#### DATA SECTION:
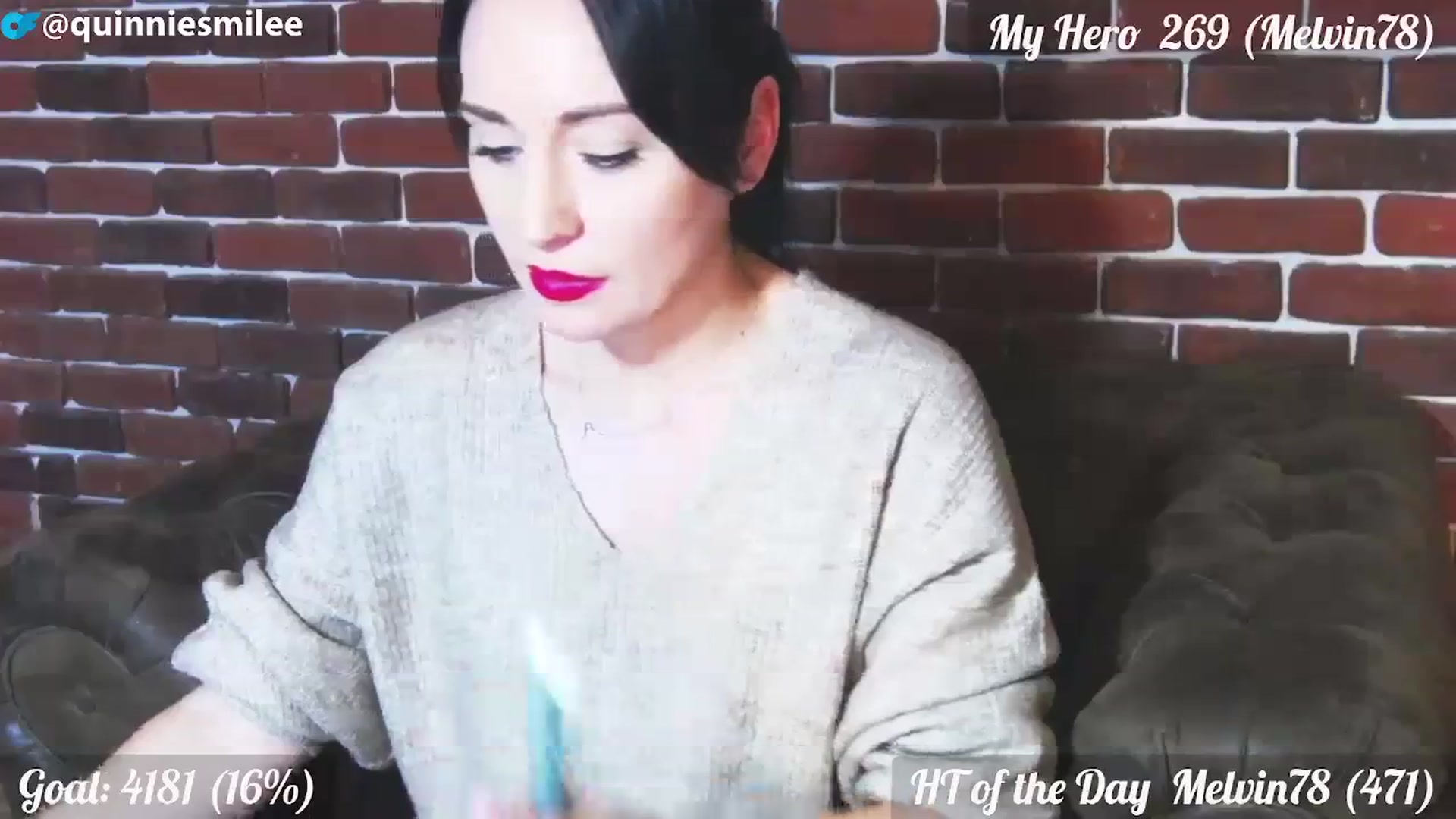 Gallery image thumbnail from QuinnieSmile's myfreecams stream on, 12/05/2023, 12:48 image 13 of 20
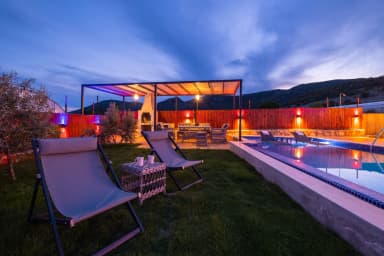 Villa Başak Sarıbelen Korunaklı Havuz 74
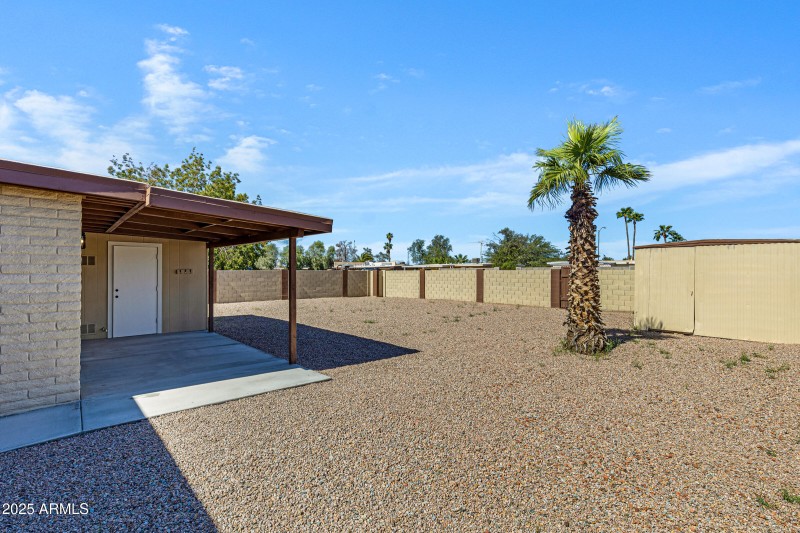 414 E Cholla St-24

#### WHAT TO PRODUCE:
The line containing "Villa Başak Sarıbelen Korunaklı Havuz 74" and every line after it, through the end of the data, are to be output exactly. Omit the pictures.

#### ANSWER TO THE PROBLEM:
 Villa Başak Sarıbelen Korunaklı Havuz 74
 414 E Cholla St-24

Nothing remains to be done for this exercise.